Edging is about creating distinctions between two different surfaces. Maintaining a sharp line between them can give a cared-for look. Edging is most often used to separate lawn from a garden bed. This can be accomplished by the traditional method of using a hand or power edger. However, grass never stays put, so a strong edge not only gives a neat look, but it also controls the lawn. The edging can serve as a mowing strip, providing a place for the mower wheel to run.

Edging materials

A variety of materials will create that edge. Natural stone has a classic look. Choose cobblestones to create a regular pattern or flagstone for a more informal one.

Brick gives a traditional look, and if the house is brick, it ties the garden and house together. A collection of used bricks from different sources suits the casualness of a cottage garden. Brick is usually laid in what is called a soldier course, with the long ends against each other to create a border as wide as the longest part of the brick.

Concrete pavers can be used instead of brick and will have a similar look if brick-shaped pavers are chosen. Concrete pavers come in a range of sizes and colors and can add a contemporary touch.

To lay stones or bricks as an edging, use a gravel base so they stay firm over time. Dig out the soil in the bed next to the lawn equal to the depth of the stone or brick, plus 4 inches. Place 4 inches of crushed rock into the trench. Use regular driveway gravel, called 5/8-inch minus. This type of gravel has sizes of crushed rock from 5/8-inch down to sand-size pieces and packs down well.

Place the stones or bricks on this compacted base, and use sand or additional crushed rock to make them level to the top of the lawn as you go.

If you like a full garden look, make the edging wide enough so the plants can flop over and not get cut off by the lawn mower.

Wood can also serve as an edging, but even treated wood lasts only 10 years or so in the garden when in contact with wet soil. Plastic lumber, made from recycled materials, is a more durable product. It comes in many shapes, including one thin enough to go around curves.

Another choice is concrete, made by building a form and pouring concrete into it or by hiring a professional concrete-edging company with machinery to pour continuous concrete edging without forms.

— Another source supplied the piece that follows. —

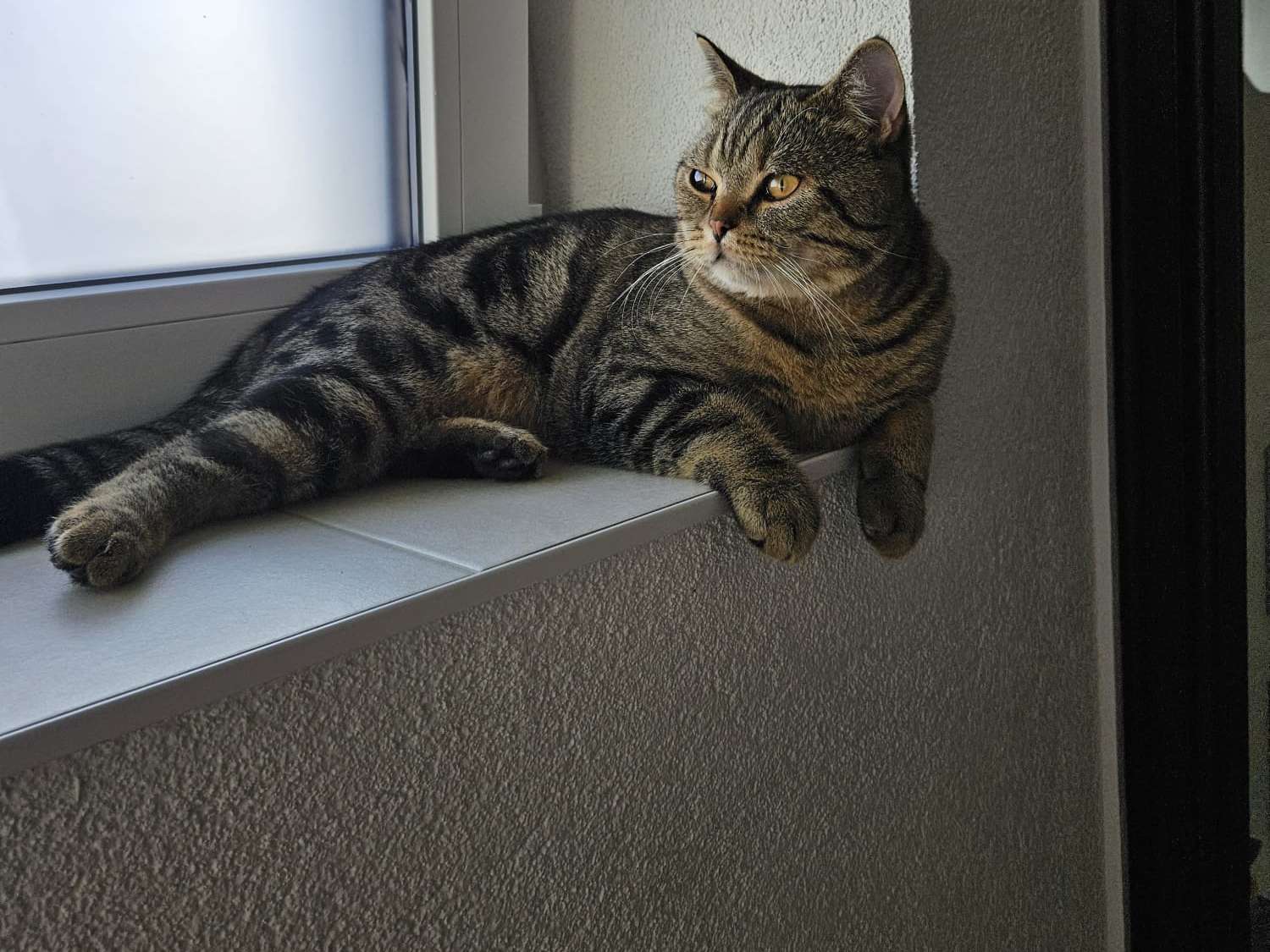 Ansicht 2 von Tierärztliche Gemeinschaftspraxis Knochendöppel & Weih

These companies can work with the concrete to make it resemble stone or brick.

Before choosing concrete edging, consider whether a continuous ribbon of concrete around the lawn may call too much attention to the edge and overwhelm the garden’s design.

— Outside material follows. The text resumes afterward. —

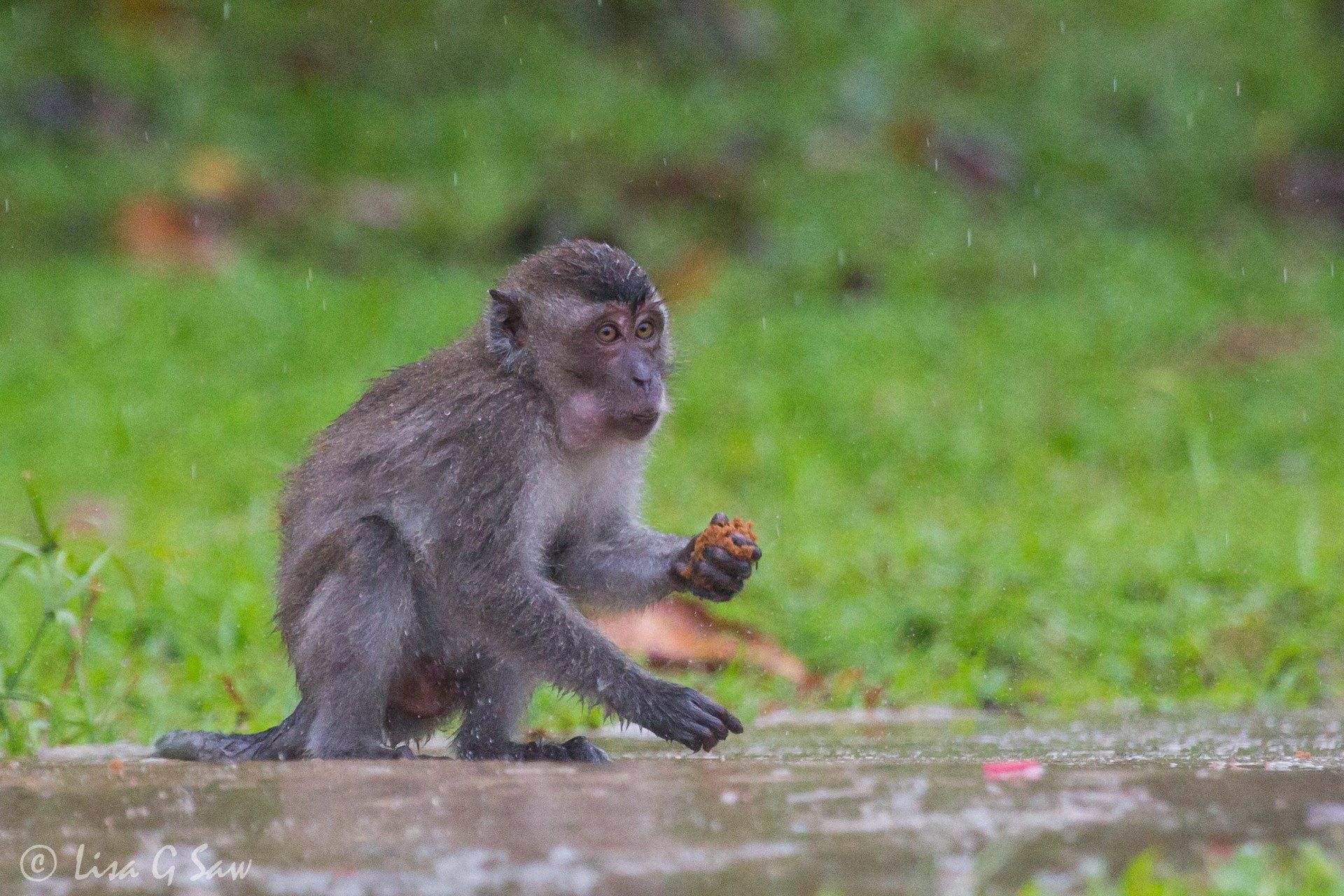 Long-Tailed Macaque eating chocolate sponge in the rain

For an unobtrusive edge, use thin and flexible products made from steel, aluminum or plastic. These show only a thin line at the top and, if a dark finish is chosen, are almost invisible.

Paths and patios

Edging is also important in stone paths that run through a lawn or a stone patio that adjoins one. Paths and patios made from concrete, or brick or stone on concrete, will edge themselves, but dry-laid stone has open joints that grass can invade. Use a thin metal or plastic edging to keep grass at bay.

Gravel paths that travel through a garden bed may need edging to keep the gravel from kicking into the bed. Use a thin edging, or add a decorative band of brick or stone.

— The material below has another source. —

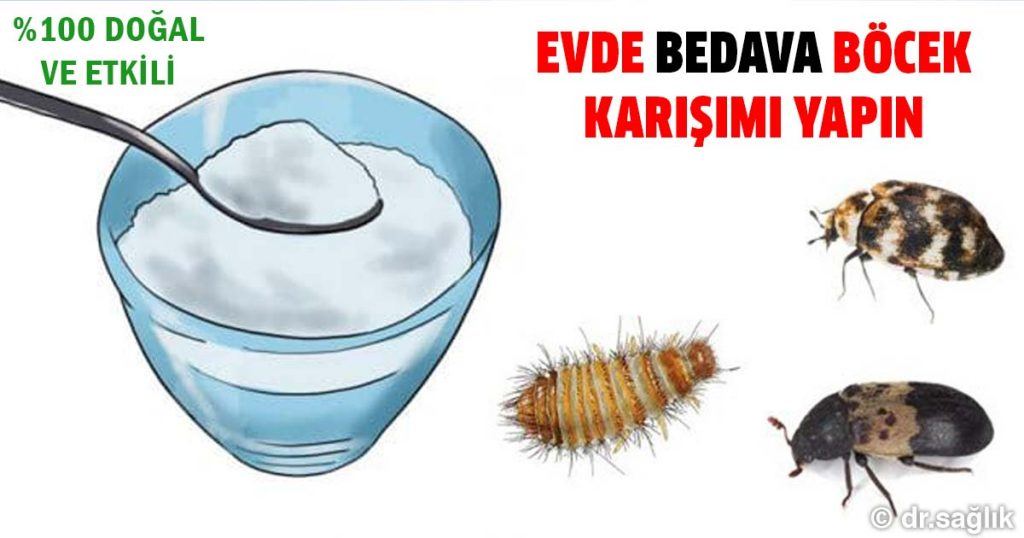 Bu Doğal Karışım Sizi Böceklerden Kurtarıyor Sağlık Paylaşımları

In some cases, you may want to create an informal look and have no edging on the gravel path. Make the path a little wider, leave the edging off and let plants soften the line between path and garden. An informal path through the woods, surfaced in bark or natural forest duff, also needs no edging.

Paying attention to details makes good gardens, and keeping the edge in mind will reinforce the design decisions you have made all along the way.